On a more humorous note, I received an email from a composer friend, the estimable Michael Roth, who will be working on The Whale. Michael and I have worked together a couple of times, most notably on Dinner With Friends, and now he had this to say: “… my first challenge for the show, far less formidable than yours, but a challenge nonetheless, was to find gay porn sounds for your laptop. Well, a boy has to do what a boy has to do, so to speak. So I have the sounds, ain’t they something, and if it would be useful to you to have an endless loop of it to just play and play over and over again all the time (while reading MOBY DICK for example, as I recall it’s a long book), just let me know — consider it a slightly belated Hanukah gift/early xmas gift. Just wanted to let you know I was thinking of you in my own unique way.”
Ah, the things you never thought you’d be listening to. I got together with Michael a few days after hearing from him, and we went to a movie (the new Bond film — get your mind out of the gutter). Afterwards we went back to his studio, where he played me the two tracks he had selected, as well as a third he had created by mixing the first two together. After all the kidding around, I did ask him to burn me a CD of the three tracks. I need to spend some time listening to them, and I’ll explain why.

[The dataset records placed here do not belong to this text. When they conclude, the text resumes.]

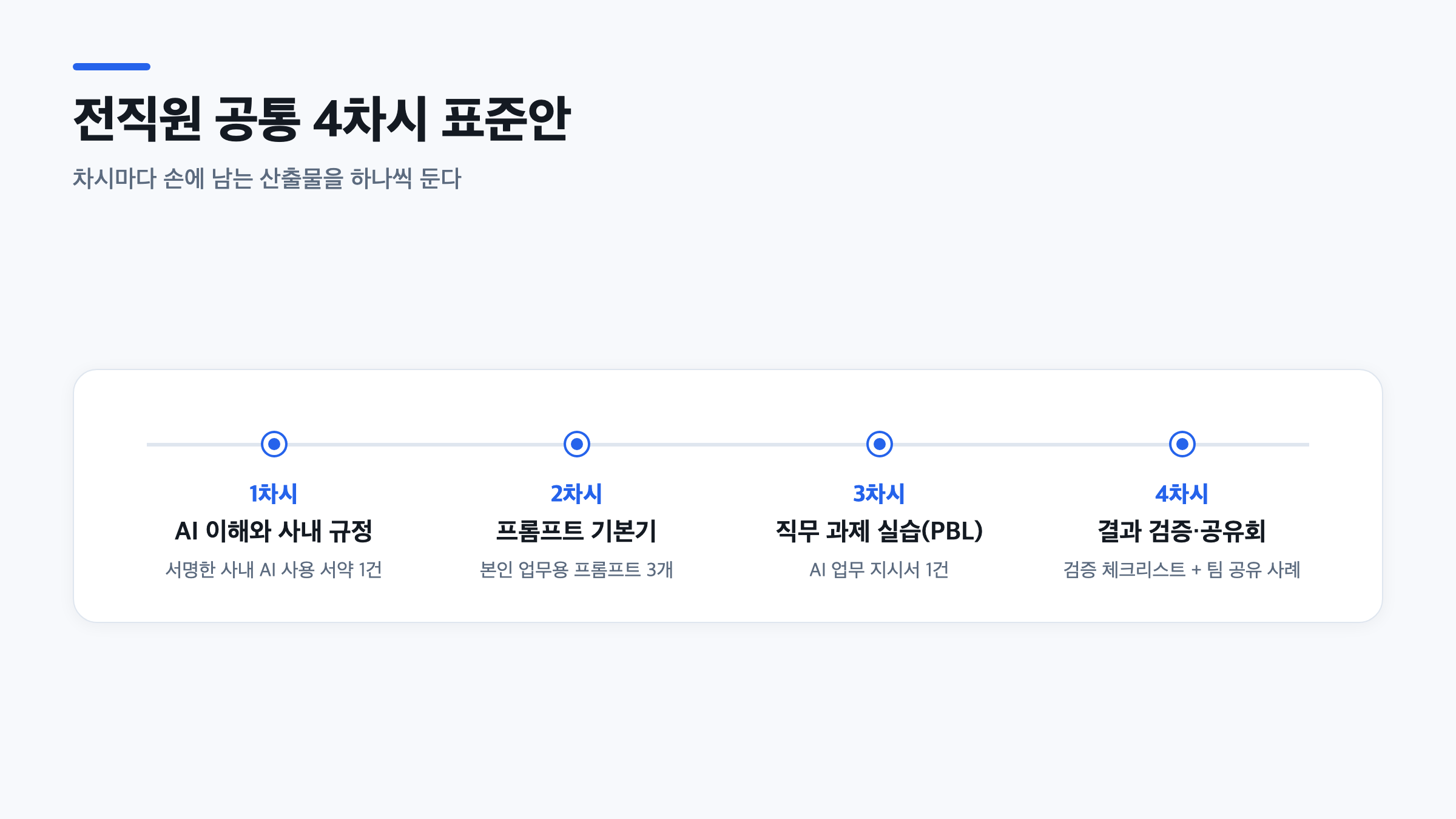 AI 리터러시 교육 커리큘럼 4차시별 주제와 산출물을 정리한 타임라인 인포그래픽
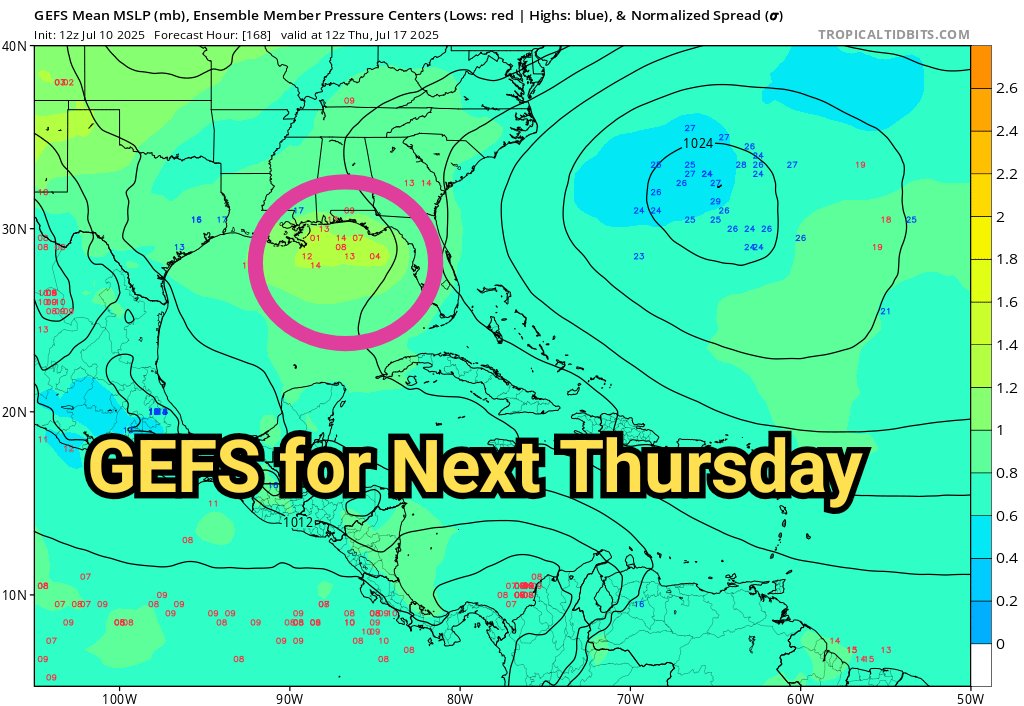TropicalTidbits's tweet image. Although the tropical Atlantic is quiet for now, we may need to keep a wary eye out for another "home-grown" storm near the US coastline next week.
A subtle low-level trough over the southern US is forecast to move eastward and offshore during this weekend, eventually looping…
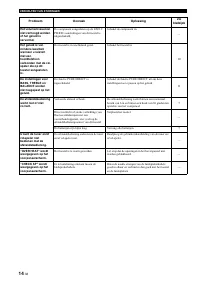 Страница 112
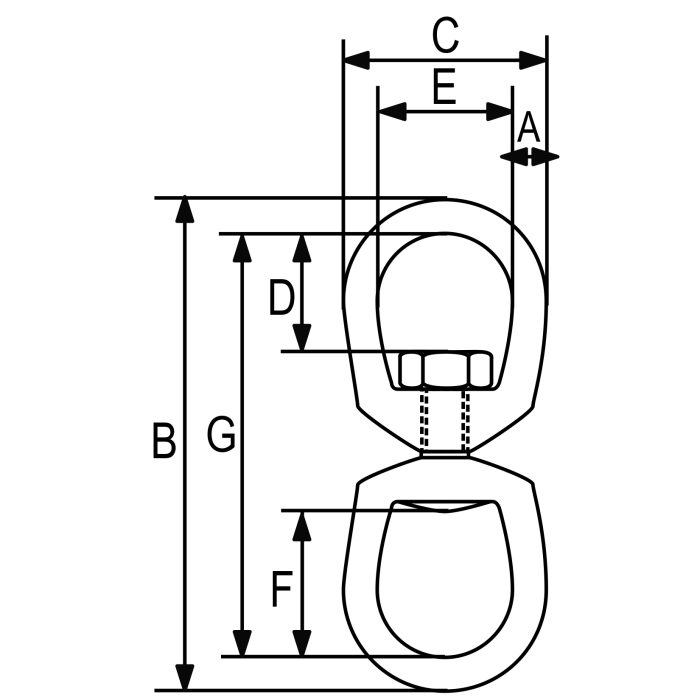 Vrtuljak oko-oko RX-lift - Slika 2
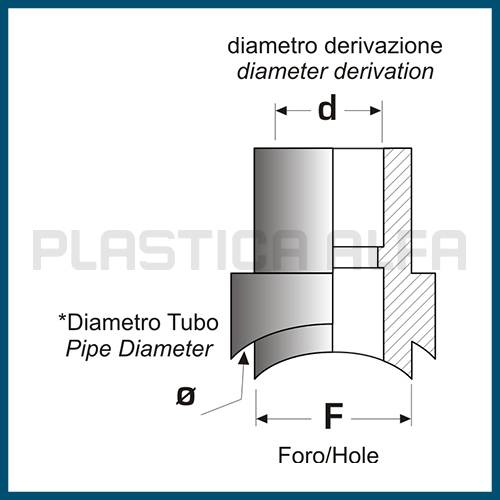 Raccordo a sella Alfaidro Plastica Alfa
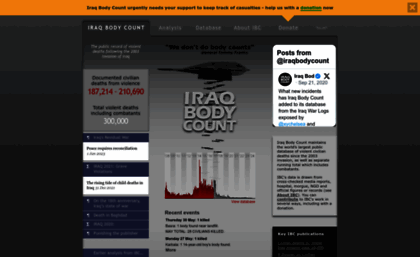 iraqbodycount.org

I happen to be straight. I have had the opportunity a couple of times to play someone of a different sexual orientation than my own, and it has not been difficult to make the adjustment. Playing Charles Busch’s boyfriend in hisYou Should Be So Lucky, or the confirmed bachelor Uncle Paul in A. R. Gurney’s Indian Blood did not require huge leaps. But I do have to admit that playing a scene in which I am listening to, and aroused by, a sexual soundtrack that will have only male voices, grunts, groans and slaps — that will require some extra focus and substitution for me. We are attracted to and aroused by the things we are attracted to and aroused by, and I do not pass judgment on whatever that might be, for myself or anyone else. But to find ways of being aroused by the things that don’t normally engender that response, that is where the work comes in. Having the audio tracks ahead of time, listening to them and allowing myself to acclimate to them will help me make that substitution. This is a curios profession. You get to do many things you never thought you’d get to do.